Samstag, 20. Oktober 2018

Die Kollateralschäden des Durchschnitts.

aus derStandard.at, 19. Oktober 2018, 08:00

Zwischen Fehlverhalten und Langeweile
Das Problem schulischer Unterforderung Kinder haben unterschiedliche Fähigkeiten. Diese adäquat zu fördern ist in unserem Schulsystem schwierig. Wie man trotzdem darauf reagieren kann

von s  

Lilly ist elf und geht gern in die Schule. Sie tut sich leicht, ist an vielem interessiert und macht auch am Nachmittag ihre Aufgaben in Windeseile, damit sie dann ihren Freizeitaktivitäten – etwa Tanzen und Klavier spielen – nachgehen kann. Oft findet sie die Schule auch langweilig, aber eigentlich ist sie zufrieden, weil sie sich kaum anstrengen muss.

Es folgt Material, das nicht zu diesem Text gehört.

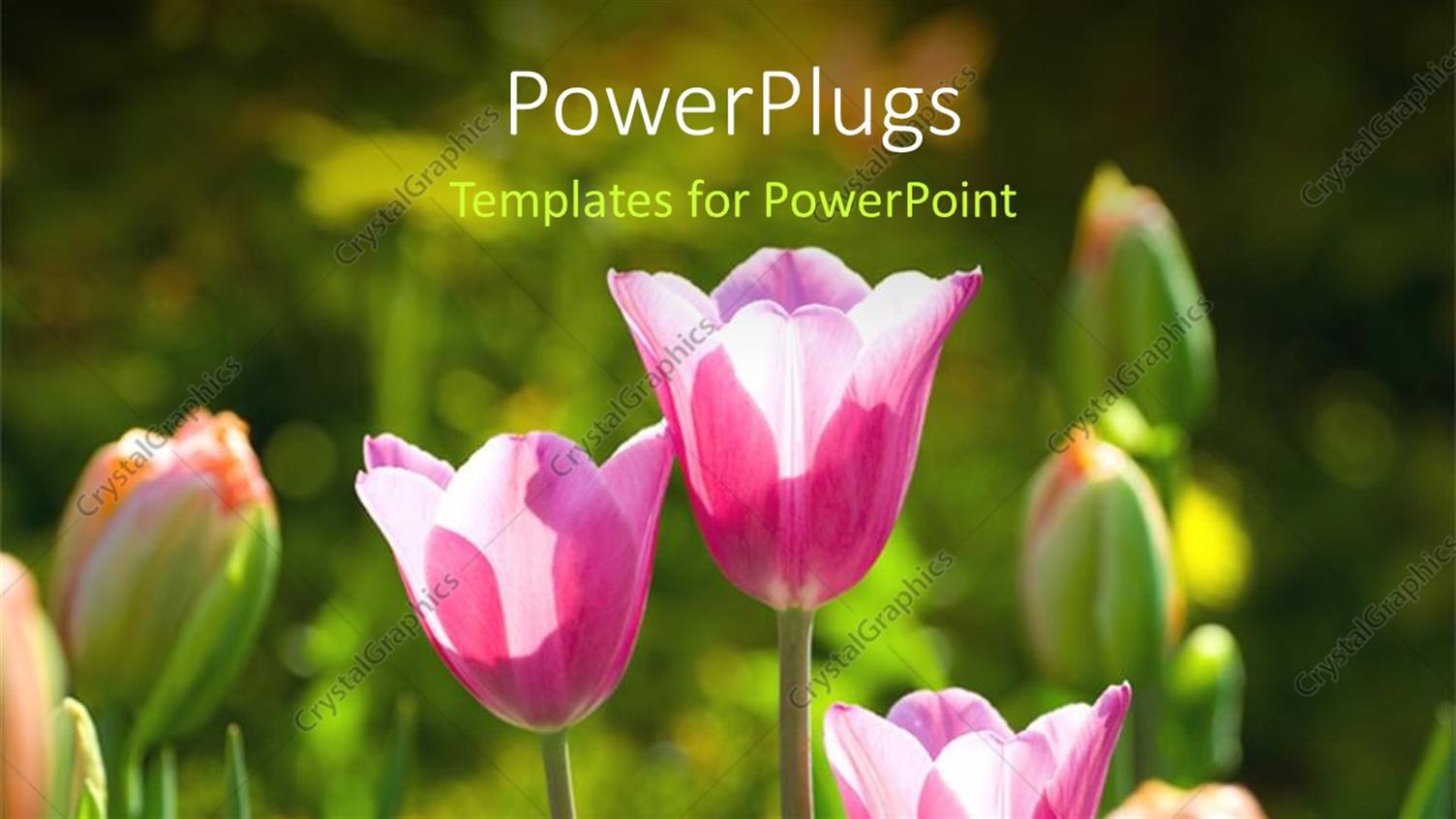 Featuring a Number of Flowers with Greenery in the Background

Der 13-jährige Valerian hat es zurzeit nicht gerade einfach. Die Schule findet er total langweilig, und mit seinen Mitschülern kann er recht wenig anfangen, die sind ihm alle viel zu dumm. Es ärgert ihn, dass er immer warten muss, bis die anderen verstanden haben, was gerade erklärt worden ist. Mit den Lehrerinnen und Lehrern in der Schule hat er viele Konflikte, und oftmals drohen sie ihm, dass er bald von der Schule fliegt, wenn er sich nicht zu benehmen weiß. Doch eigentlich findet er das alles ziemlich ungerecht und hat es satt, sich ständig anzupassen. ...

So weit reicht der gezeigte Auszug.